Figure 5. p32-Binding-Deficient ARF Mutants Are Attenuated in Apoptotic Function
(A) ARF C-terminal Arg mutations impair ARF's apoptotic function. U2OS cells were infected with adenoviruses expressing either wild-type ARF (ARF) or p32-binding-deficient ARF RR98,99LS (RR) and ARF R98Q (R) mutants for 2 days. Cells (both floating and attached) were collected for flow cytometry analysis of cell-cycle distribution. The fraction of cells in sub-G1 phase (filled bar) and S phase (open bar) and the level of ARF protein expression (inset) are shown. Cell-cycle profiles are also shown to the right. Error bars represent the mean ± SD of three independent experiments. p < 0.01 for pairwise comparisons of cells in sub-G1 infected by wild-type ARF and each of the mutants. (B) ARF C-terminal Arg mutations impair ARF-mediated PARP cleavage, but not p53 induction. U2OS cells treated as described in (A) were analyzed for PARP cleavage and p53 induction by western blotting. (C) p32 enhances ARF-induced PARP cleavage. Cells were infected with adenoviruses expressing the indicated proteins for 2 days and then harvested to be analyzed for PARP cleavage. Note that p32-enhanced PARP cleavage was seen only with wild-type ARF, but not the p32-binding-deficient mutant ARF. (D) p32 enhances ARF-induced apoptosis but not ARF-induced cell-cycle arrest. U2OS cells were infected with adenoviruses expressing the indicated proteins for 2 days and harvested to determine the percentages of cells in sub-G1 and S phase fractions by flow cytometry analysis.
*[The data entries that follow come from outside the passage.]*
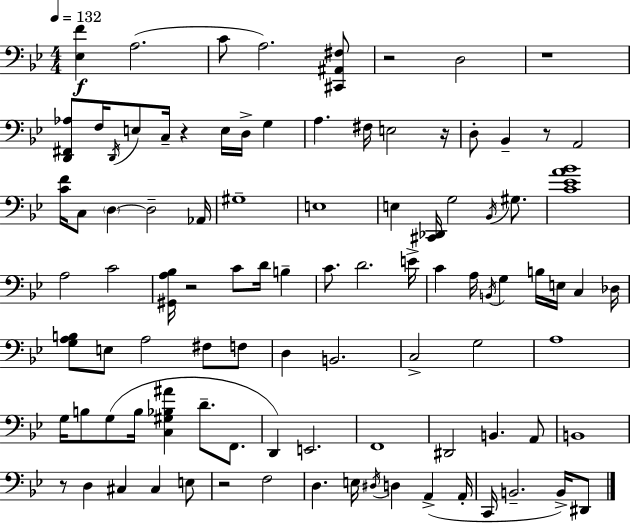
X:1
T:Untitled
M:4/4
L:1/4
K:Gm
[_E,F] A,2 C/2 A,2 [^C,,^A,,^F,]/2 z2 D,2 z4 [D,,^F,,_A,]/2 F,/4 D,,/4 E,/2 C,/4 z E,/4 D,/4 G, A, ^F,/4 E,2 z/4 D,/2 _B,, z/2 A,,2 [CF]/4 C,/2 D, D,2 _A,,/4 ^G,4 E,4 E, [^C,,_D,,]/4 G,2 _B,,/4 ^G,/2 [C_EA_B]4 A,2 C2 [^G,,A,_B,]/4 z2 C/2 D/4 B, C/2 D2 E/4 C A,/4 B,,/4 G, B,/4 E,/4 C, _D,/4 [G,A,B,]/2 E,/2 A,2 ^F,/2 F,/2 D, B,,2 C,2 G,2 A,4 G,/4 B,/2 G,/2 B,/4 [C,^G,_B,^A] D/2 F,,/2 D,, E,,2 F,,4 ^D,,2 B,, A,,/2 B,,4 z/2 D, ^C, ^C, E,/2 z2 F,2 D, E,/4 ^D,/4 D, A,, A,,/4 C,,/4 B,,2 B,,/4 ^D,,/2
Figure 6. Wild-type ARF, but Not a p32-Binding-Deficient ARF Mutant, Localizes to Mitochondria and Reduces Mitochondrial Membrane Potential
(A) A p32-binding-deficient ARF mutant is impaired in mitochondrial localization. p53-negative H1299 cells were infected with adenovirus expressing either wild-type ARF (ARF) or a p32-binding-deficient ARF mutant (RR). Total SDS lysates and mitochondrial fractions were prepared 2 days after infection and analyzed by western blotting with antibodies to p32, ARF, mt-Hsp70, HistoneH3, and Actin. (B) Wild-type ARF, but not a p32-binding-deficient ARF (RR) mutant, reduces mitochondrial membrane potential (Δψm). p53-negative H1299 and MDA468 cells were either uninfected (Mock) or infected with adenoviruses expressing wild-type ARF (ARF) or a p32-binding-deficient ARF mutant (RR) for 2 days. Δψm was measured by incubating the cells with JC-1 dye followed by flow cytometry analysis. In nonapoptotic cells (high Δψm), JC-1 exists as a monomer in the cytosol (green, FL-1) and also accumulates as aggregates in the mitochondria, which stains red (FL-2). In apoptotic cells (low Δψm), JC-1 exists in monomeric form and stains the cytosol green. Cells with preserved Δψm are high in both FL-1 and FL-2 (top right of graph). Cells with loss of Δψm are high in FL-1 and low in FL-2 (bottom of graph). Flow cytometry data plots are shown with percentage of total events indicated. Data are representative of three independent experiments. (C) Endogenous ARF sensitizes cells to mitochondrial stress, leading to reduction of Δψm. Freshly prepared _p19Arf_−/−;_p53_−/− and _p53_−/− MEFs were incubated with acetone (as a control) or 2 μg/ml of oligomycin, an inhibitor of mitochondrial ATP synthase widely used to generate mitochondrial stress in cultured cells. After 48 hr of oligomycin treatment, the cells were collected and analyzed for Δψm by JC-1 dye.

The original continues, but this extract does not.